That was how Liu Xia -- wife of the only imprisoned Nobel Peace Prize winner in the world -- described her 26 months of house arrest. Last week, Associated Press reporters sneaked past her guards while they took a lunch break, giving Xia the first chance to tell her story since she was placed under house arrest in 2010, when her husband Liu Xiaobo was awarded the Nobel Peace Prize. Xia's story is part of a global movement to free her and her husband, which is being led not only by the most prominent intellectuals around the world, but by everyday people as well.

For most countries, a citizen receiving the prestigious Nobel Prize is a source of pride and honour. But it was not so for China when the Nobel committee honoured Liu Xiaobo for his nonviolent efforts to promote democracy, reform, and openness in China.

At the time, Xiaobo was already serving an 11-year prison sentence for writing Charter '08, a political manifesto which promoted peaceful democratic reform and called for greater respect for fundamental human rights and an end to one party rule in China. When the award was announced, his wife was placed under house arrest for no greater crime than being married to him. At the Nobel award ceremony, Xiaobo was represented by an empty chair.

Two years later, on December 4, 2012, 134 Nobel laureates across all six disciplines and from around the world sent an open letter to ascending Chinese leader Xi Jinping, asking for Liu Xiaobo to be released from prison and his wife Liu Xia to be released from house arrest. As part of that effort, Nobel Laureate Archbishop Desmond Tutu started a petition on Change.org to represent the voices of citizens of the world, united together in calling for Xiaobo's freedom.
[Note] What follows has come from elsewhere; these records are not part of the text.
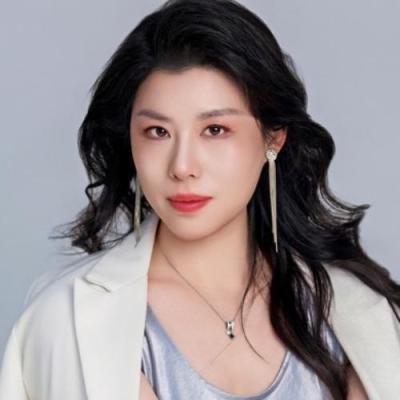 短剧演员郭希尧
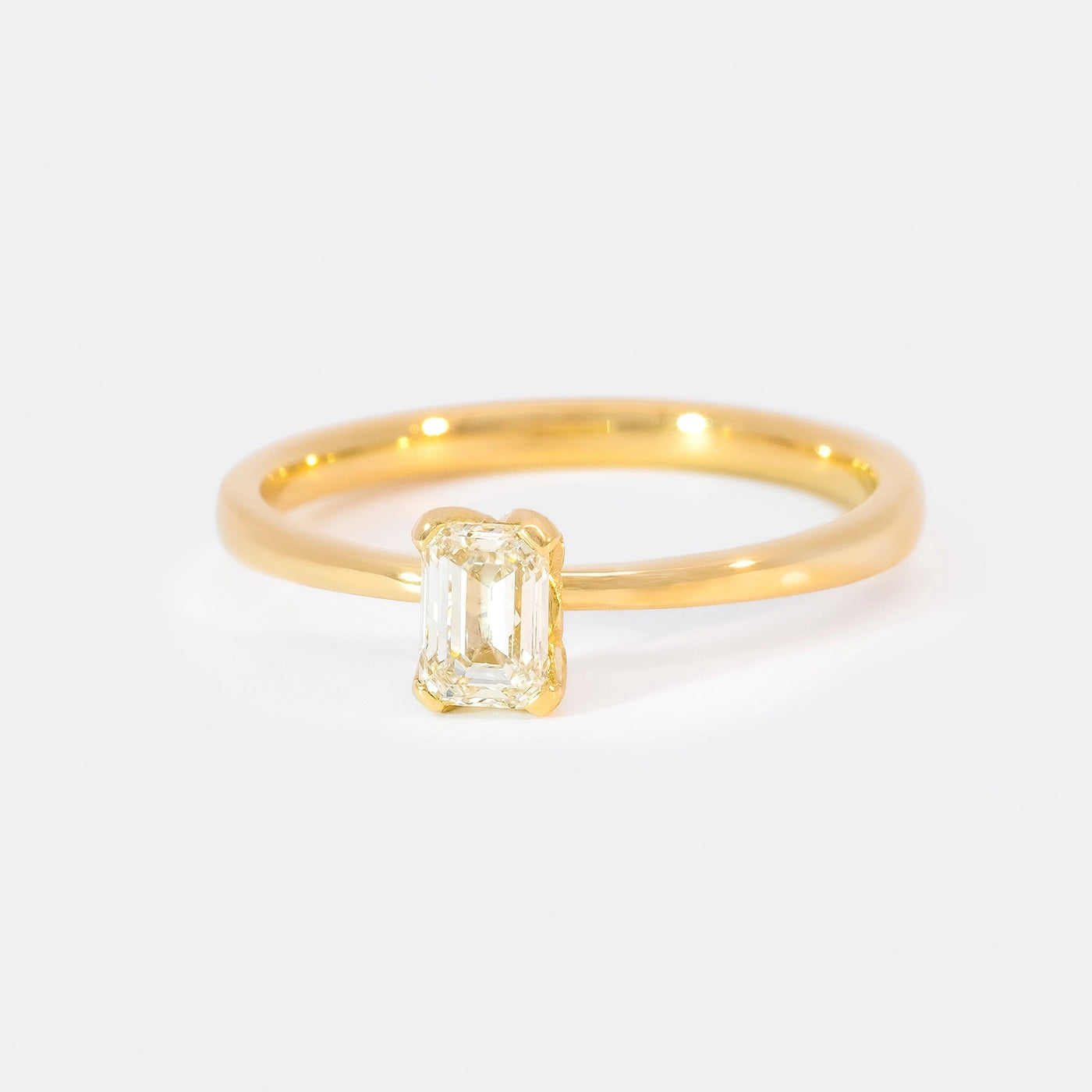 Ring Fleur Solitär ein Baguette Diamant 0,46 ct Gelbgold Frontansicht 25Grad links gedreht
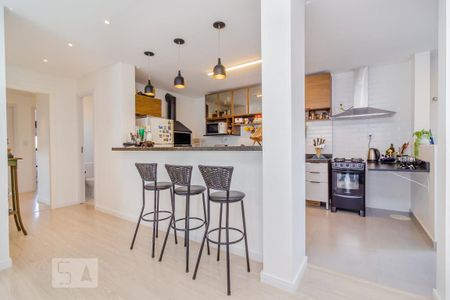 Apartamento à venda com 101m², 3 quartos e 1 vaga Apartamento à venda com 101m², 3 quartos e 1 vagaSala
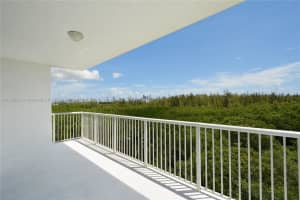14951 Royal Oaks Ln APT 1809, North Miami, FL 33181, Sold 02/14/23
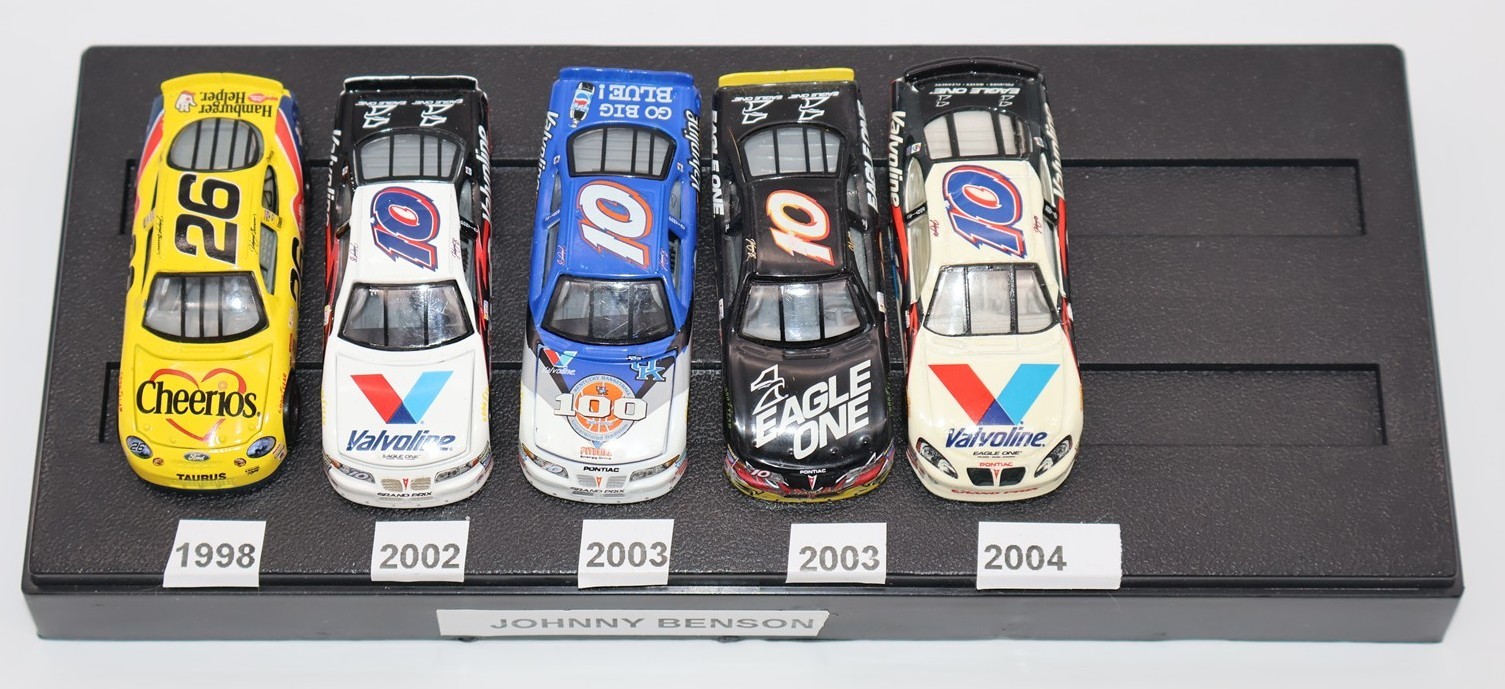 NASCAR 1:64 – JOHNNY BENSON – LOT OF 5 DIECAST CARS –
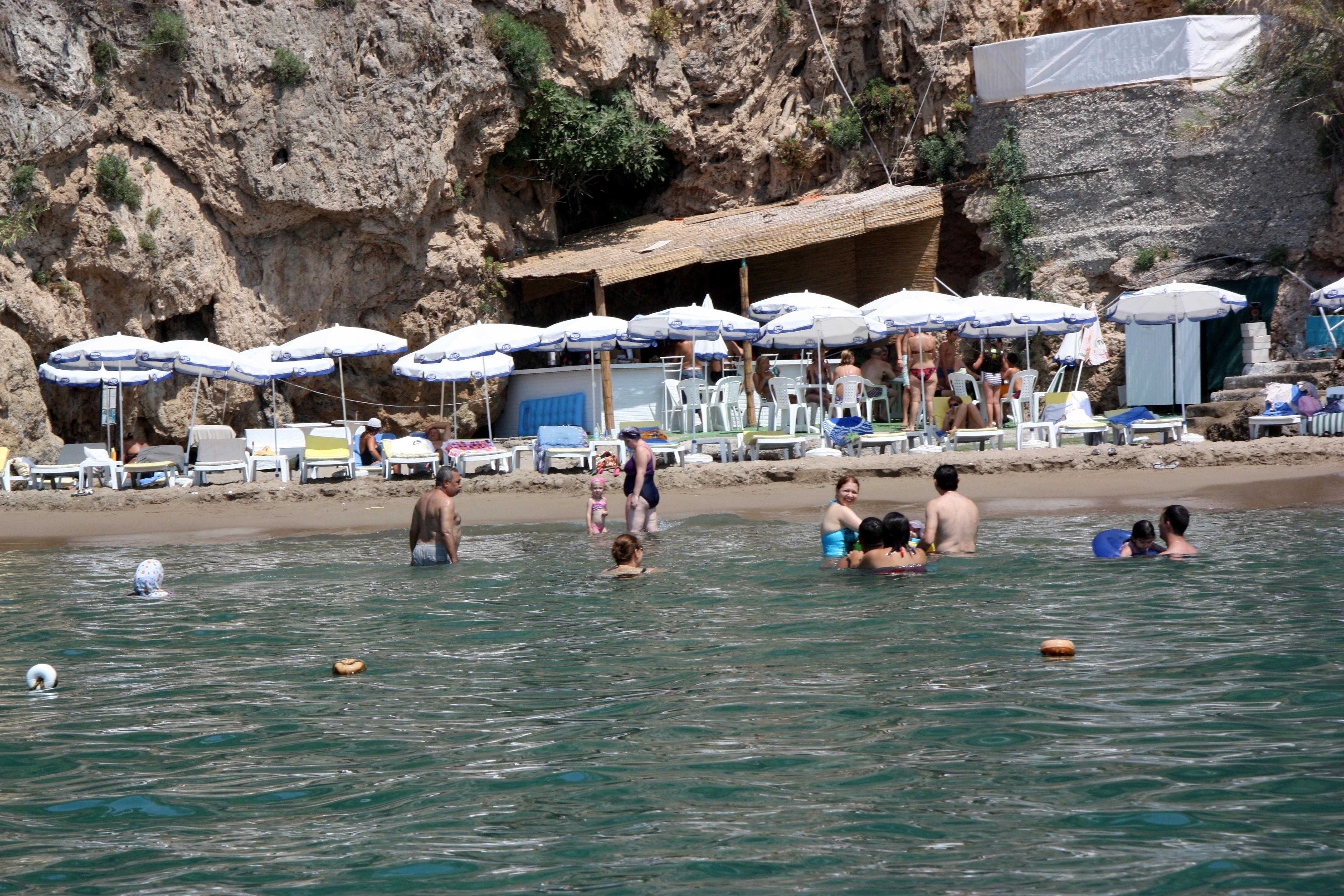 Lara Hotel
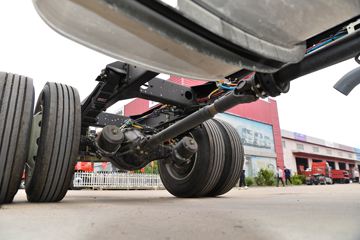 һ����� J6L�п� ������ ��ͨ�� 260���� 4X2 6.75��AMT�Զ�����դʽ�ػ���(����)(CA5170CCYP62K1L4A2E6)ͼƬ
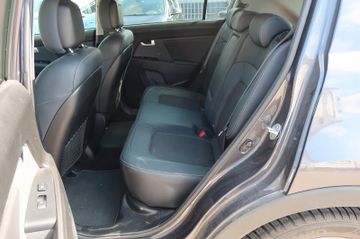 KIA Sportage - 8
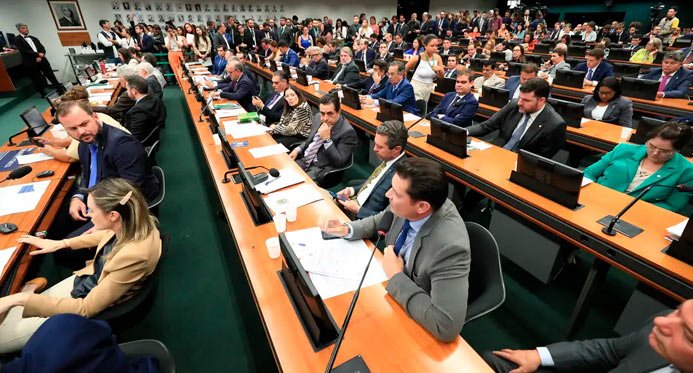 CCJ de Sala retoma análise do fim da escala 6x1 nesta quarta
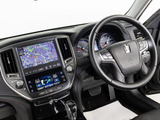 使いやすさや安全性を追求したステアリング周り!高級車ゆえにスイッチ類が多いのも特徴ですね!考え尽くされた配置ですぐに使いこなす事が出来ますのでご安心下さい!是非、体感してみて下さい!!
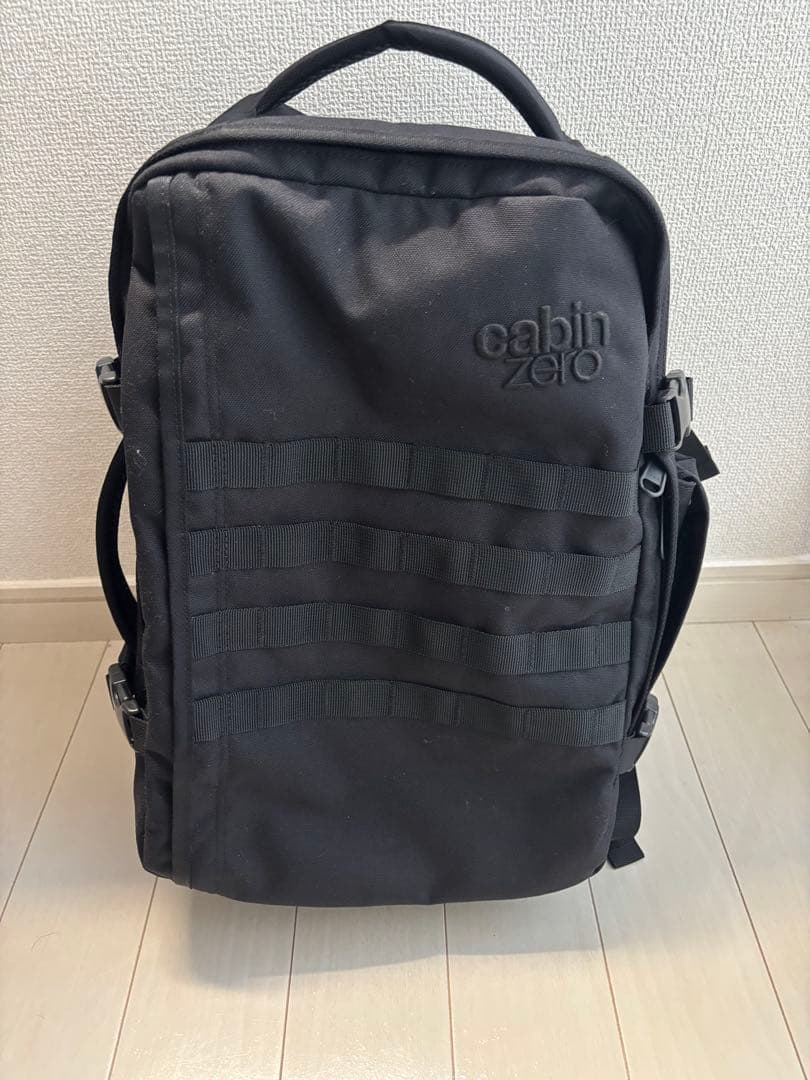 CabinZero military 28L バックパック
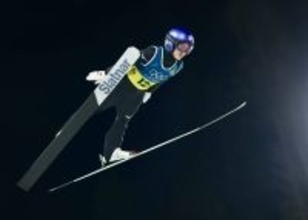 【五輪】ジャンプ混合団体、前回大会の雪辱誓う３番手の高梨沙羅で３位に浮上…同競技初のメダル獲得へ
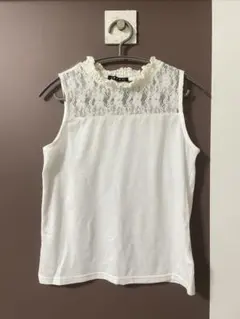 INGNI レース付きホワイトノースリーブ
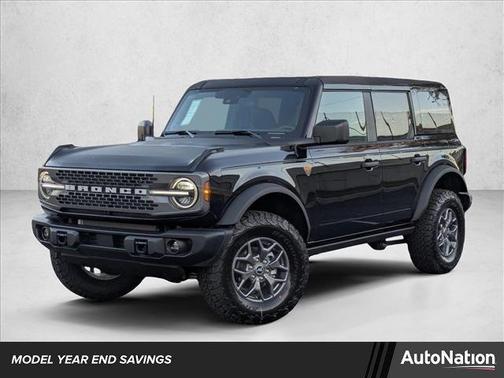 Shadow Black 2025 Ford Bronco Badlands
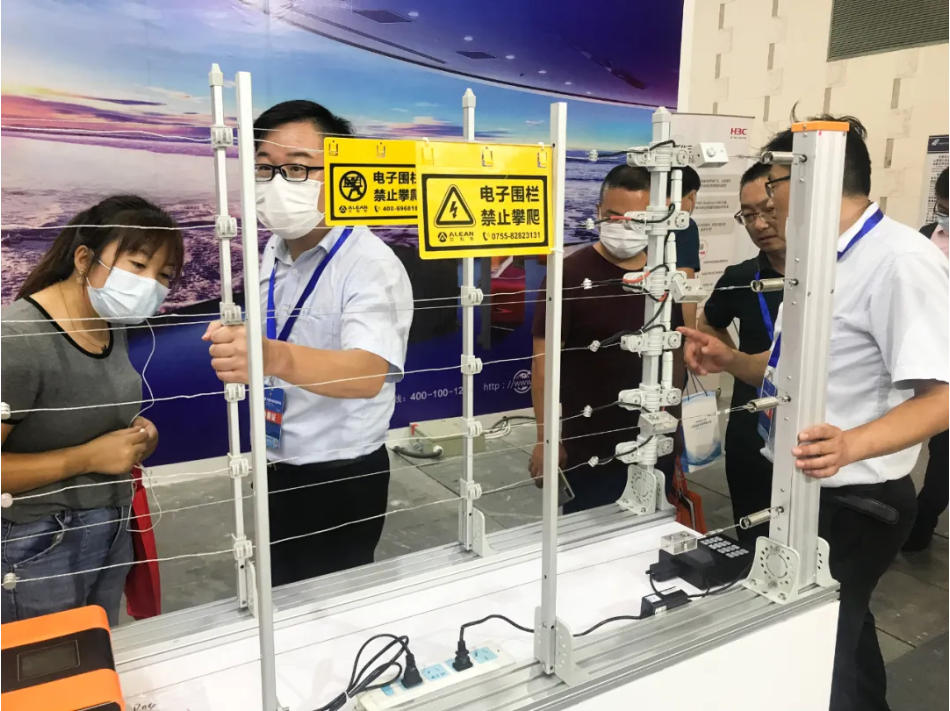 “嗨，苏大强”，亚洲午夜精品A片久久WWW慈禧-女人张开腿让男人添-亚洲国产欧美日韩人成-乱肉YIN荡系列合集TXT-天天撸日日夜夜全网络报警系统来了！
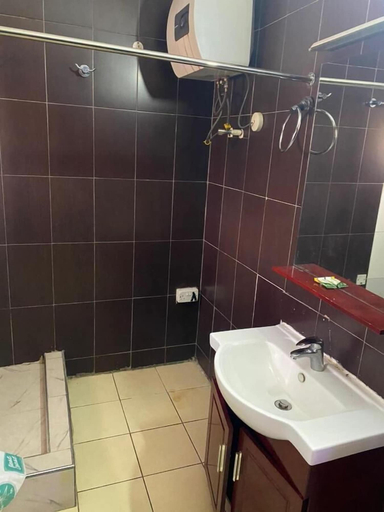 Bathroom 3, Chateau De La-Ray, AbujaMun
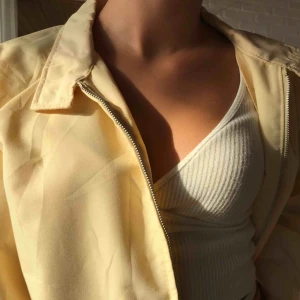  - En jättefin ocersized ljusgul jacka, som jag bara har använt en gång. Blev ett impulsköp så behöver en bättre ägare. 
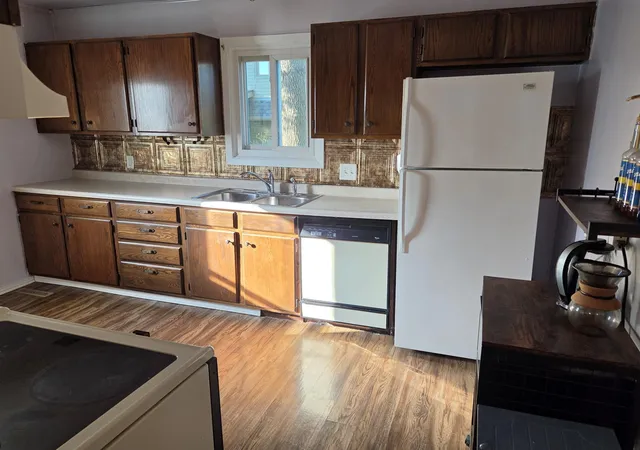 Photo 4 of Single family home for sale at 126 2nd Avenue SW, Wells, MN 56097 | MLS# 7155780 | Listing updated on 2026-10-07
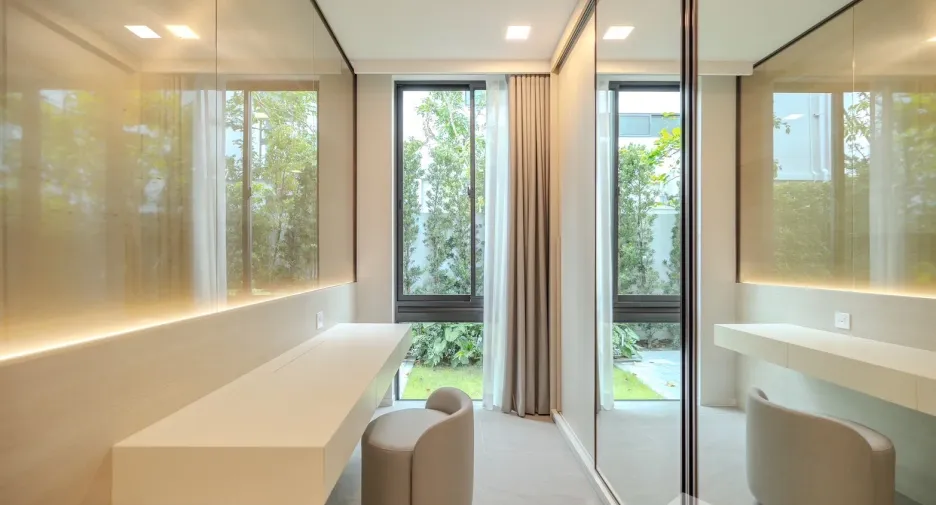 For sale and for rent 4 bedrooms house in Saphan Sung, Bangkok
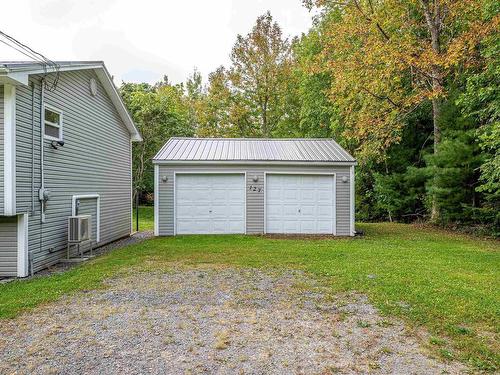 127 Lakewood Drive, Brooklyn, NS 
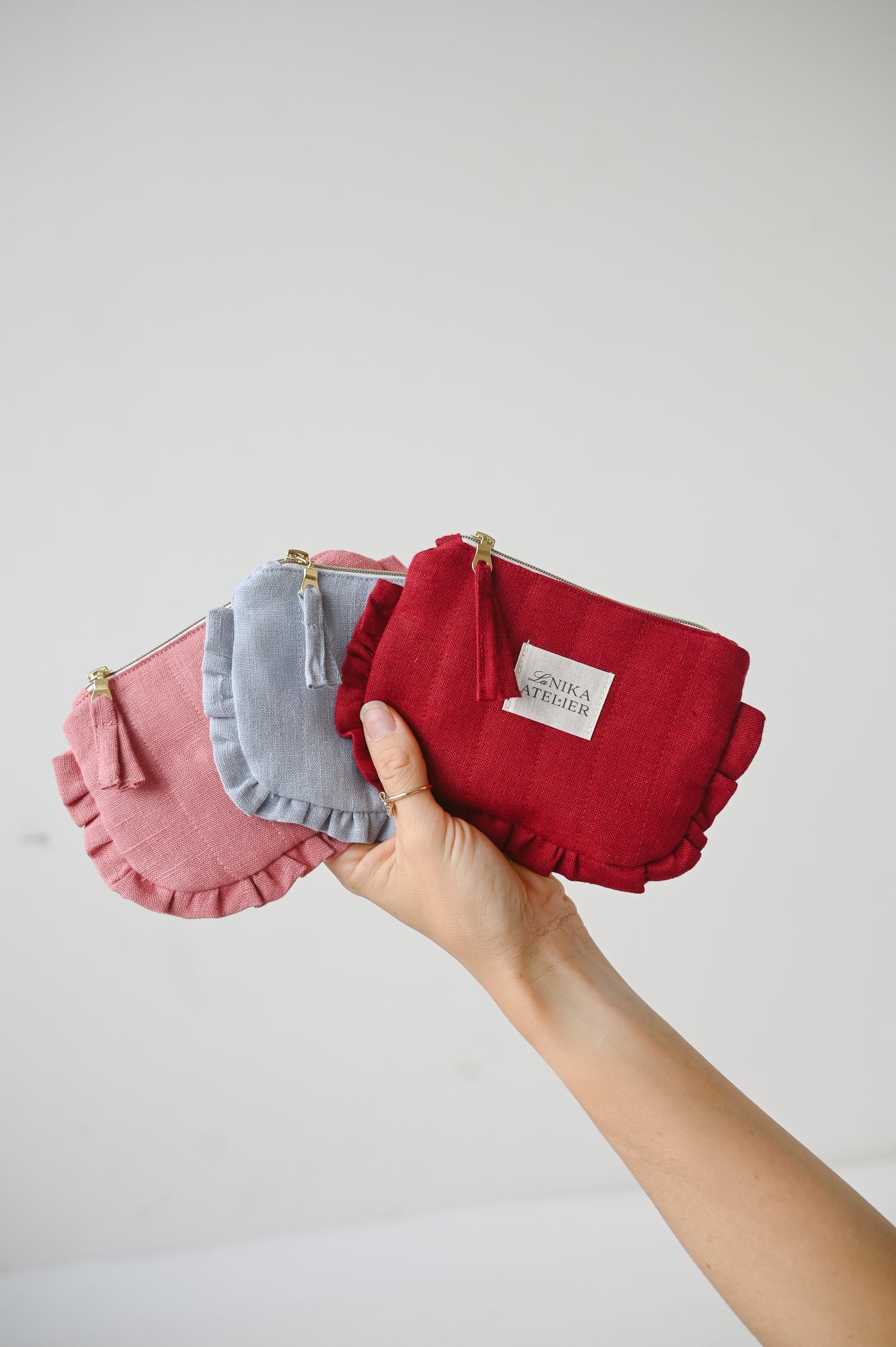 Lanena mini torbica z volančki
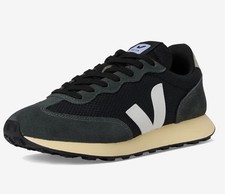 Size 6 / 37 EUR Women's Veja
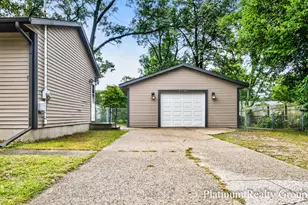 2509 Wesley Ave, Muskegon, MI 49442 - Photo 2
The response was significant and immediate. In less than 48 hours, a quarter million people from 82 countries had signed Archbishop Tutu's petition. As of publication, it has more than 320,000 signatures and continues to gather support. People have joined the campaign for different reasons. They are Chinese citizens and Chinese expatriates. They are students learning about democracy, and they are people who have travelled to China for years. Some of them, like Moshood F. in Chicago, are even former political prisoners themselves. But they all have one thing in common -- the technology of the Change.org platform has given them the opportunity to unite their voices, become stronger than their individual selves, and make their case for freedom on the global stage.